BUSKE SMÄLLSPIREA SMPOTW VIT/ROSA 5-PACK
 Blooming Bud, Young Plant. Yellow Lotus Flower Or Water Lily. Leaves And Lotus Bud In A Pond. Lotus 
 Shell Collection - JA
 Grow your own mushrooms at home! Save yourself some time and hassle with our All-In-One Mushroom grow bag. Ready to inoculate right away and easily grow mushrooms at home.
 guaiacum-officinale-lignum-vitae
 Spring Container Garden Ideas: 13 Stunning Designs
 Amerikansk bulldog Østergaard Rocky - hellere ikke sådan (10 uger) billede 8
------------------------------------------------------------------------
**Work request**. What you return must be the lines from the line holding "Spring Container Garden" through the final line of the material, word for word, and nothing more.

**Output for this task**.
 Spring Container Garden Ideas: 13 Stunning Designs
 Amerikansk bulldog Østergaard Rocky - hellere ikke sådan (10 uger) billede 8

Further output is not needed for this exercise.